ACE

Type: ../types/agent-memory-system-review.md · Tags: trace-learning

ACE (ace-agent/ace) is an agentic context-engineering framework for improving task performance by evolving a retained playbook rather than fine-tuning model weights. At the reviewed commit, its core loop keeps a playbook string in memory during a run, feeds the whole playbook into generator prompts, uses execution feedback and reflector judgments to score used bullets, asks a curator model for additive playbook operations, optionally deduplicates similar bullets, and writes playbook snapshots plus run logs under timestamped result directories.

Repository: https://github.com/ace-agent/ace

Reviewed commit: bcb7cea0504afad6f55fec4845dd4864c9f9eee7

Last checked: 2026-06-04

Core Ideas

The retained memory is an evolving playbook, not a retrieval store. ACE.__init__ initializes a plain-text playbook with fixed sections unless an initial playbook is provided; training mutates self.playbook, saves intermediate, final, and best playbook files, and evaluation-only mode can load a prior playbook path through task scripts (ace/ace.py, eval/finance/run.py). This makes ACE closer to Dynamic Cheatsheet-style prompt evolution than to a database-backed memory service.

Generator, reflector, and curator separate use, judgment, and update. The generator receives the current playbook, task question, context, and any reflection, then returns an answer and bullet ids it used. The reflector receives the reasoning trace, answer, feedback or ground truth, and the used bullets, then emits diagnostic text plus helpful, harmful, or neutral tags. The curator receives recent reflection, question context, playbook stats, token budget, and the current playbook, then emits JSON operations (ace/core/generator.py, ace/core/reflector.py, ace/core/curator.py).

Automatic update is narrower than the high-level wording suggests. The curator class docstring says it manages ADD, UPDATE, MERGE, and DELETE, and _extract_and_validate_operations accepts those operation names, but apply_curator_operations only implements ADD; update, merge, create-meta, and delete are marked as future TODOs in that function (ace/core/curator.py, playbook_utils.py). Existing bullet evolution is therefore mostly counter updates, while semantic merging happens only through the optional BulletpointAnalyzer.

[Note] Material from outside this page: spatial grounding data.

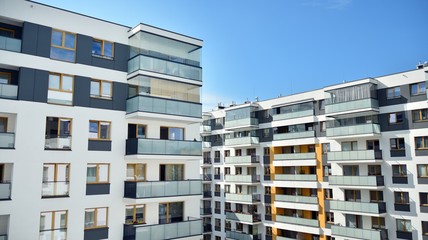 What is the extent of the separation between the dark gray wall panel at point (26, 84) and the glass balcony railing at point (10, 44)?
42.7 inches

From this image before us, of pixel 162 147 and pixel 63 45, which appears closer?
pixel 63 45

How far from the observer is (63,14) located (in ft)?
65.2

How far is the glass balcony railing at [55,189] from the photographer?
18.3 metres

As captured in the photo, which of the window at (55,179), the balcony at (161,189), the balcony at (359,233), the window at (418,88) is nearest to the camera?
the window at (55,179)

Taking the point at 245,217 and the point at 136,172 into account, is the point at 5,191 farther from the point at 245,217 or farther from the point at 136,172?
the point at 245,217

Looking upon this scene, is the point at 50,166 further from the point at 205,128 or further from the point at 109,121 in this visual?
the point at 205,128

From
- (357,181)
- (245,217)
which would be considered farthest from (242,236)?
(357,181)

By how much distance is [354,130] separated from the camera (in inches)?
1271

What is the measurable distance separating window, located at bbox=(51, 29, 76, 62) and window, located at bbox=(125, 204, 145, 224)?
947 centimetres

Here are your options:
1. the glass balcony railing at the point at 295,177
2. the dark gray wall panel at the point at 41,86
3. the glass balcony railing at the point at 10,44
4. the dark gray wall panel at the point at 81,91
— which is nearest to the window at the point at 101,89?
the dark gray wall panel at the point at 81,91

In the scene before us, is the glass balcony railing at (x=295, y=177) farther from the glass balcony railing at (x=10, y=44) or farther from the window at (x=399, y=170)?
the glass balcony railing at (x=10, y=44)

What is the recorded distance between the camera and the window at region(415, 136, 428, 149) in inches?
1126

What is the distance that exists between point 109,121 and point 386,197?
24.4 m

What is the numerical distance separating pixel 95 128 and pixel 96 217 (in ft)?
16.8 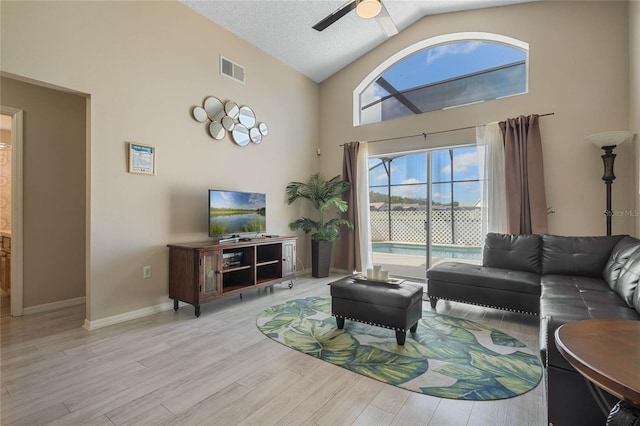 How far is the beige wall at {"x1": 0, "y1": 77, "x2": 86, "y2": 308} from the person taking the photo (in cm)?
326

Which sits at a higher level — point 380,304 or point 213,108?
point 213,108

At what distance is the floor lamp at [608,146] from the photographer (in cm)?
312

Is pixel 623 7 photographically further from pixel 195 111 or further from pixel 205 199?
pixel 205 199

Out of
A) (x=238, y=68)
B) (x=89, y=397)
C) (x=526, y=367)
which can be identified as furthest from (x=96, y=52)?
(x=526, y=367)

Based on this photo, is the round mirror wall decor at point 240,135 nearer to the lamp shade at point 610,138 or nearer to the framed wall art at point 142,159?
the framed wall art at point 142,159

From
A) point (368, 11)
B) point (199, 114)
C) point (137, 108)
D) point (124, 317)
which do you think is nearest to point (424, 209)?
point (368, 11)

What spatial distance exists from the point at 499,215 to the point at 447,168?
41.2 inches

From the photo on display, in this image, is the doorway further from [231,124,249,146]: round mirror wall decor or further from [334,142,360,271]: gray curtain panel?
[334,142,360,271]: gray curtain panel

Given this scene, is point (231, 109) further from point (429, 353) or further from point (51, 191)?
point (429, 353)

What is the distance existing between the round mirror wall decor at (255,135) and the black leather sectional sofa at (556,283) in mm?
3056

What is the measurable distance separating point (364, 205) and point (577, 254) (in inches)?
113

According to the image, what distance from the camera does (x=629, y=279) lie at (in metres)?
2.23

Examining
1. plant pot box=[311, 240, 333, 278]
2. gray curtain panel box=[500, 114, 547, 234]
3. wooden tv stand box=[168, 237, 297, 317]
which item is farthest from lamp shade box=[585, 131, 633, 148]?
A: wooden tv stand box=[168, 237, 297, 317]

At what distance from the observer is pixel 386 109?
17.0ft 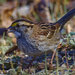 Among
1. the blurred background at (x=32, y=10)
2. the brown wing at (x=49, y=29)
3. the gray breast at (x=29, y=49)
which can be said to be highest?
the blurred background at (x=32, y=10)

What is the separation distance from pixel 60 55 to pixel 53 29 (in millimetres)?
525

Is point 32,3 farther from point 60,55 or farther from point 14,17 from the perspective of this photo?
point 60,55

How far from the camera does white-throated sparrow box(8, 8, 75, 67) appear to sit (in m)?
3.72

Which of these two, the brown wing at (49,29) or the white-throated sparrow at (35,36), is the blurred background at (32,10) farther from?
the white-throated sparrow at (35,36)

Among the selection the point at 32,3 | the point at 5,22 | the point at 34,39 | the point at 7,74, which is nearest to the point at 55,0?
the point at 32,3

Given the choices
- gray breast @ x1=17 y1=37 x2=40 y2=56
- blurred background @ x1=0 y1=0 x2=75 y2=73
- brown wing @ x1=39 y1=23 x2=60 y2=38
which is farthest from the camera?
blurred background @ x1=0 y1=0 x2=75 y2=73

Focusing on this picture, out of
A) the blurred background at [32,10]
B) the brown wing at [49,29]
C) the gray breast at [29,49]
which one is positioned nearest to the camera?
the gray breast at [29,49]

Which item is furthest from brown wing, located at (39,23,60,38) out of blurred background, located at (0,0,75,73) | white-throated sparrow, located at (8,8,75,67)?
blurred background, located at (0,0,75,73)

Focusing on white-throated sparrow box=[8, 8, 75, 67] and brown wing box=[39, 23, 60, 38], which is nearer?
white-throated sparrow box=[8, 8, 75, 67]

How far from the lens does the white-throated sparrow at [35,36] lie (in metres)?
3.72

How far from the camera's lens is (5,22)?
7.72 meters

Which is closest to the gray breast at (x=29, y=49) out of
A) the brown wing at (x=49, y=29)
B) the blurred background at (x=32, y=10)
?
the brown wing at (x=49, y=29)

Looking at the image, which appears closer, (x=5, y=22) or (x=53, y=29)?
(x=53, y=29)

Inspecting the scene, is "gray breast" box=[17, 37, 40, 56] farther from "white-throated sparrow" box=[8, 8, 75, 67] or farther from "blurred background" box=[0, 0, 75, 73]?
"blurred background" box=[0, 0, 75, 73] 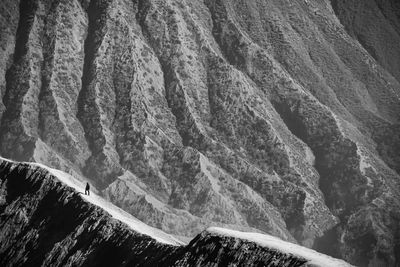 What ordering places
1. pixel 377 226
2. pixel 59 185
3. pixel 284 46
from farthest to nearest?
1. pixel 284 46
2. pixel 377 226
3. pixel 59 185

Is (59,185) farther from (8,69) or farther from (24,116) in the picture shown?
(8,69)

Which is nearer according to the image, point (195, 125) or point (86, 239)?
point (86, 239)

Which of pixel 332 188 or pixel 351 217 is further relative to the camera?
pixel 332 188

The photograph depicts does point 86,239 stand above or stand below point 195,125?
above

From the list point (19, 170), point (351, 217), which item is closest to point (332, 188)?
point (351, 217) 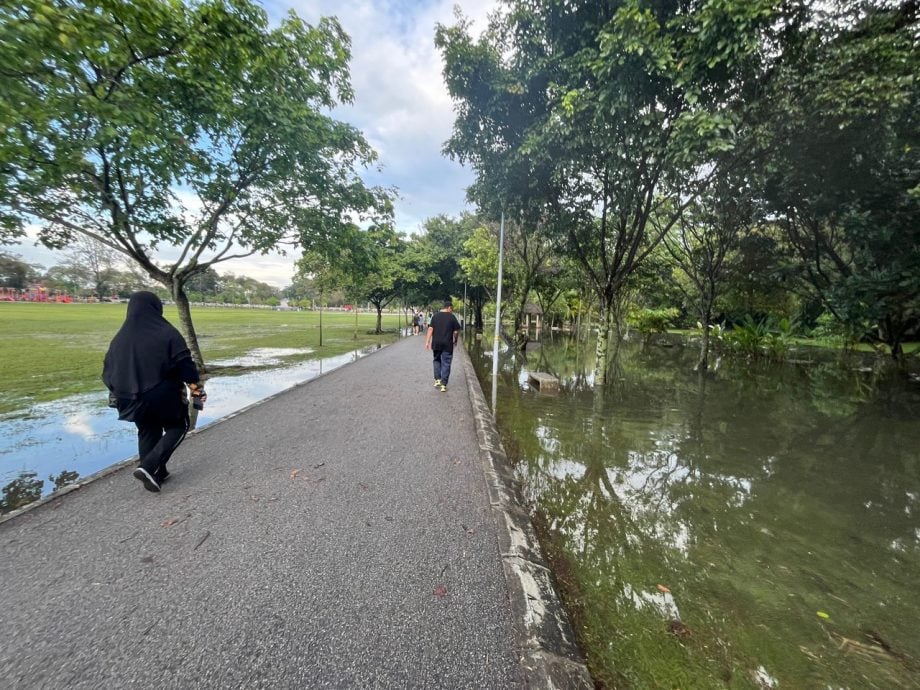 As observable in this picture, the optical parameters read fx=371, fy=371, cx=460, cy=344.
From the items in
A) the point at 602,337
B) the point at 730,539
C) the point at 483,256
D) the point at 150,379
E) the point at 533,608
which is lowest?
the point at 730,539

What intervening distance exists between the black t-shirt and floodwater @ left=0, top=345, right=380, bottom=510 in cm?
391

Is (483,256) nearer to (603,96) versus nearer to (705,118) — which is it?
(603,96)

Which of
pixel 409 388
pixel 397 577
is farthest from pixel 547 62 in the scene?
pixel 397 577

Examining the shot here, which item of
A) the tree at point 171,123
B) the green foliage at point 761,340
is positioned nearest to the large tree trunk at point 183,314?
the tree at point 171,123

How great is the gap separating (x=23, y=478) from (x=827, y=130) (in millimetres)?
12353

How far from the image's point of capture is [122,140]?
5844mm

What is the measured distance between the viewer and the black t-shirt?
7.88 meters

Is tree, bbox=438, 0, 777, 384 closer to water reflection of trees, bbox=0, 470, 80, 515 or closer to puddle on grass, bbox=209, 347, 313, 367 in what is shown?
water reflection of trees, bbox=0, 470, 80, 515

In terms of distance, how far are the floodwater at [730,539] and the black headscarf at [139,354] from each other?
386 cm

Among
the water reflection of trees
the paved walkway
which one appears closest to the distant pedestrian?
the paved walkway

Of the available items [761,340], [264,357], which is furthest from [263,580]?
Answer: [761,340]

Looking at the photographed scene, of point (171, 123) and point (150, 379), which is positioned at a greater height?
point (171, 123)

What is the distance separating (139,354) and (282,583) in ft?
7.88

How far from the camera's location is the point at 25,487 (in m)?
3.91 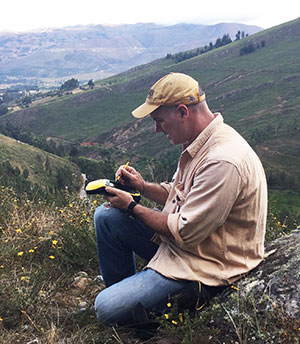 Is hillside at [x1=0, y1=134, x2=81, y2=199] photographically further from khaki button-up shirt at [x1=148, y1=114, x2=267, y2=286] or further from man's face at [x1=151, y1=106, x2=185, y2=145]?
khaki button-up shirt at [x1=148, y1=114, x2=267, y2=286]

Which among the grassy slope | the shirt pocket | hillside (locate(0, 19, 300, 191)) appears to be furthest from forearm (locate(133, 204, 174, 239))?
hillside (locate(0, 19, 300, 191))

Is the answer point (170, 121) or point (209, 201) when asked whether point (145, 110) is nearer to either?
point (170, 121)

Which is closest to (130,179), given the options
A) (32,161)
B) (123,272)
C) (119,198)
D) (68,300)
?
(119,198)

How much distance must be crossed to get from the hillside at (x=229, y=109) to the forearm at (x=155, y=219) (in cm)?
5524

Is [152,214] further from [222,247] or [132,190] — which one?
[132,190]

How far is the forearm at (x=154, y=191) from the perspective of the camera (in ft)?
10.9

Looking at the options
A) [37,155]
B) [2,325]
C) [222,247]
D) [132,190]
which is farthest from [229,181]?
[37,155]

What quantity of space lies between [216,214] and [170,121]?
79 cm

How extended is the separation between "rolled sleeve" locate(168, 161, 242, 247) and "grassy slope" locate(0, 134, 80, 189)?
4598 cm

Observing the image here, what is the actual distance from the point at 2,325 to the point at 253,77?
4485 inches

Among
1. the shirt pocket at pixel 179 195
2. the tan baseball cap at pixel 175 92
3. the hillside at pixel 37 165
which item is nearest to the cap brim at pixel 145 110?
the tan baseball cap at pixel 175 92

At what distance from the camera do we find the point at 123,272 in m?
3.04

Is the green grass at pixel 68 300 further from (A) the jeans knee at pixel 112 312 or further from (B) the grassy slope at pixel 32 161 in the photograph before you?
(B) the grassy slope at pixel 32 161

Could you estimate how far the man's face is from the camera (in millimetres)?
2576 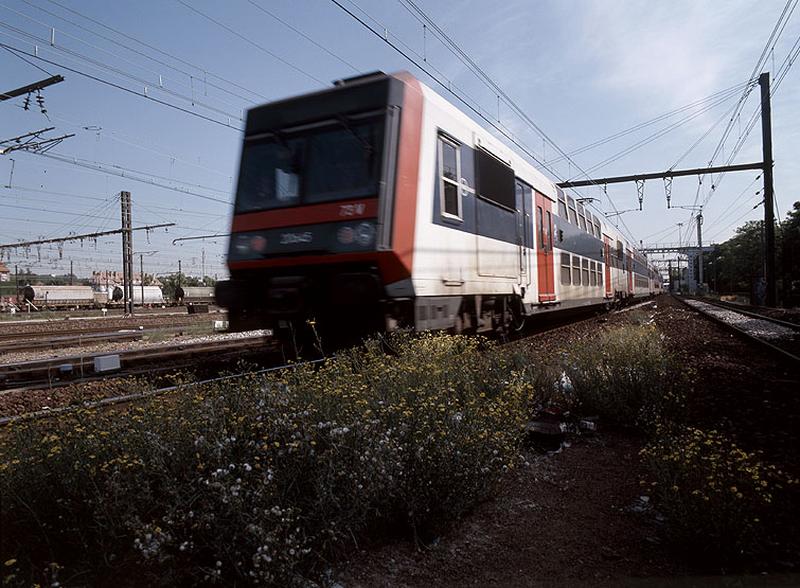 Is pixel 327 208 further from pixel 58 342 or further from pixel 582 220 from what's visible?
pixel 582 220

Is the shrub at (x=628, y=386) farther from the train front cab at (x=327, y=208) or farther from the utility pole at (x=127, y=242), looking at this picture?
the utility pole at (x=127, y=242)

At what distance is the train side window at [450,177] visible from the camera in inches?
254

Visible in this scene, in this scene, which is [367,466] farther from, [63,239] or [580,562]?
[63,239]

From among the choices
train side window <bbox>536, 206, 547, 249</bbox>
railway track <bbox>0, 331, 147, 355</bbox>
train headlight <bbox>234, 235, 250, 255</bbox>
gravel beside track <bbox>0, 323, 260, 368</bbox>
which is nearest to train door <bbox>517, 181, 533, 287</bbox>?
train side window <bbox>536, 206, 547, 249</bbox>

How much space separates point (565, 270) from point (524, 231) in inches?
128

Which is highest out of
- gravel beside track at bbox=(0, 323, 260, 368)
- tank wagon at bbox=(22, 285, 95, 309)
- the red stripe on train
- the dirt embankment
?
the red stripe on train

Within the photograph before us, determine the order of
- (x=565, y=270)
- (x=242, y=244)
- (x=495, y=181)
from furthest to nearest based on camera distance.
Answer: (x=565, y=270) < (x=495, y=181) < (x=242, y=244)

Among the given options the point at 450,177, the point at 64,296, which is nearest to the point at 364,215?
the point at 450,177

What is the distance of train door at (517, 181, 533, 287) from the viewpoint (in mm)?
9094

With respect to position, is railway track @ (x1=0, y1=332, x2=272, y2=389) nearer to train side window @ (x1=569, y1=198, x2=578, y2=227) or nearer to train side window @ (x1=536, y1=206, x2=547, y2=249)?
train side window @ (x1=536, y1=206, x2=547, y2=249)

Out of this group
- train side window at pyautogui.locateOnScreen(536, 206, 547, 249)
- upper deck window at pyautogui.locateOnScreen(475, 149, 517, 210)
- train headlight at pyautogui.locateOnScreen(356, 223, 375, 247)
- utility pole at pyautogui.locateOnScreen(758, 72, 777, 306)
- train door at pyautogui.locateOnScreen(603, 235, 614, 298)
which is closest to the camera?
train headlight at pyautogui.locateOnScreen(356, 223, 375, 247)

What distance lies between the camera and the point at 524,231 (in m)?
9.31

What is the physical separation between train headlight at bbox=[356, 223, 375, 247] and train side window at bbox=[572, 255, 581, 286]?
28.0 ft

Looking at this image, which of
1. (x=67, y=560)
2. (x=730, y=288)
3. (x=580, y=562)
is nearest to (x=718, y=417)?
(x=580, y=562) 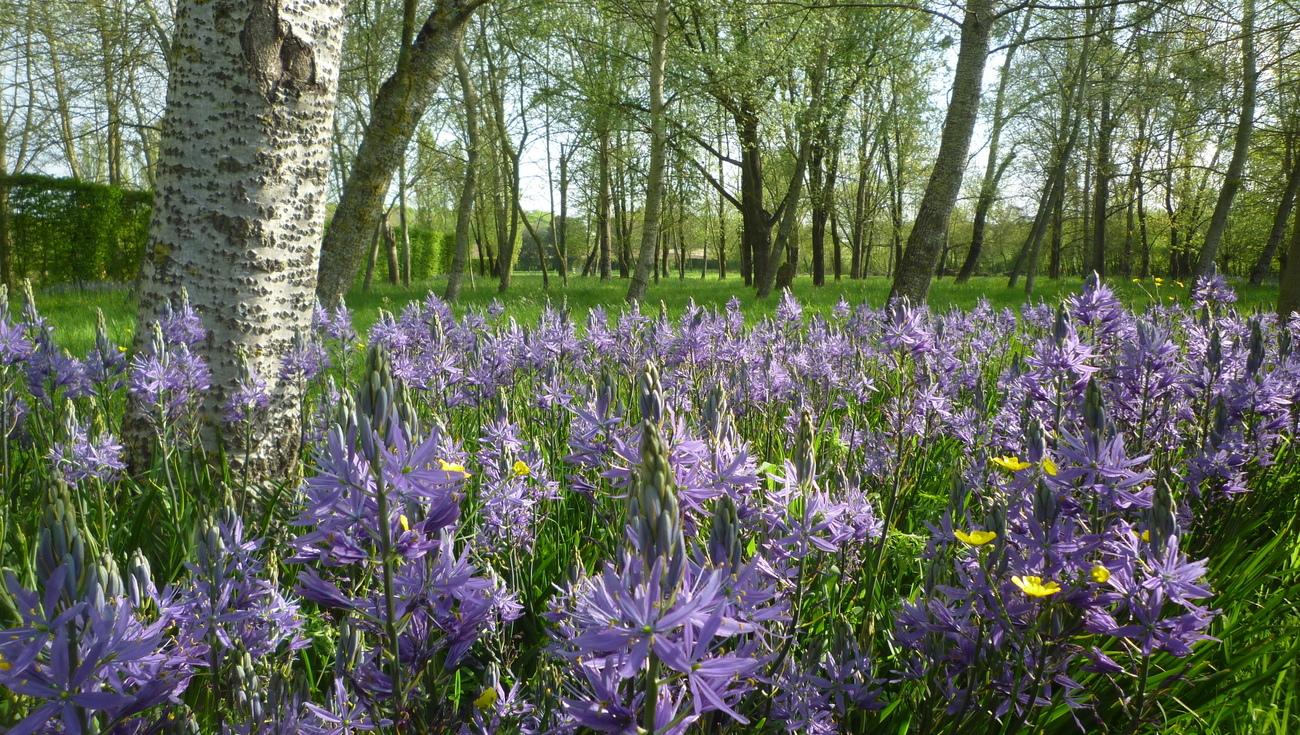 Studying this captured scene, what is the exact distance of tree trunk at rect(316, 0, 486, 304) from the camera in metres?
5.48

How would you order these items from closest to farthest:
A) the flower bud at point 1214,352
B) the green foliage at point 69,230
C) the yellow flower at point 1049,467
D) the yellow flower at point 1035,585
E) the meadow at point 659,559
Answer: the meadow at point 659,559 < the yellow flower at point 1035,585 < the yellow flower at point 1049,467 < the flower bud at point 1214,352 < the green foliage at point 69,230

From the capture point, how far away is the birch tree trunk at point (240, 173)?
3.12 meters

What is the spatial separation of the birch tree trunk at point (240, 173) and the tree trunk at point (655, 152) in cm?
845

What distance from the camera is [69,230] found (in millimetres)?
16094

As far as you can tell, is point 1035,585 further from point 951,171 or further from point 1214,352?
point 951,171

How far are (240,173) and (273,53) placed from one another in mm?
542

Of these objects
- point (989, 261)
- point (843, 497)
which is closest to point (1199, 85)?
point (843, 497)

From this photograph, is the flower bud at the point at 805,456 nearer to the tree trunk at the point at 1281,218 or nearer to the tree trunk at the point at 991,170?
the tree trunk at the point at 1281,218

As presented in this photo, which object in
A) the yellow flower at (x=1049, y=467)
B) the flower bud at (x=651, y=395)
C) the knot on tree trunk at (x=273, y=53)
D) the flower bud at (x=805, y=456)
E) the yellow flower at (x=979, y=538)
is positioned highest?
the knot on tree trunk at (x=273, y=53)

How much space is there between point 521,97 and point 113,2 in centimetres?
1001

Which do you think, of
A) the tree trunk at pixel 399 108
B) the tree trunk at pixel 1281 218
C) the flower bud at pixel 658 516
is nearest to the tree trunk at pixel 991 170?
the tree trunk at pixel 1281 218

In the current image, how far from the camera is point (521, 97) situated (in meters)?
21.9

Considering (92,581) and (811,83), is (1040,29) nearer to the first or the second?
(811,83)

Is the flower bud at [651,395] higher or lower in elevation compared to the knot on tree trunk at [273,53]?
lower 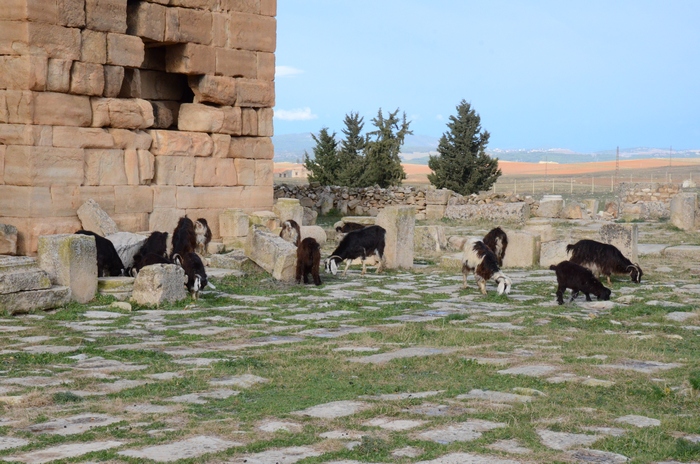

Context efficiency is budgeted but coarse. ACE has a playbook_token_budget config and passes the full current playbook to generator and curator prompts; the curator prompt sees current token budget and playbook stats, but the generator path does not retrieve top-k bullets before invocation (ace/prompts/generator.py, ace/prompts/curator.py). Complexity grows with every retained bullet because all sections and counters are shown to the generator; the efficiency design is incremental delta growth and optional deduplication, not selective read-back.

The optional bullet analyzer adds embedding-based deduplication as maintenance. When enabled, BulletpointAnalyzer parses playbook lines, embeds bullet contents with a sentence-transformer model, groups bullets above a similarity threshold, and either keeps one or asks an LLM to merge a group while preserving the first id and combined helpful/harmful counts (ace/core/bulletpoint_analyzer.py). Those embeddings are transient; the retained result is a rewritten natural-language content/symbolic playbook.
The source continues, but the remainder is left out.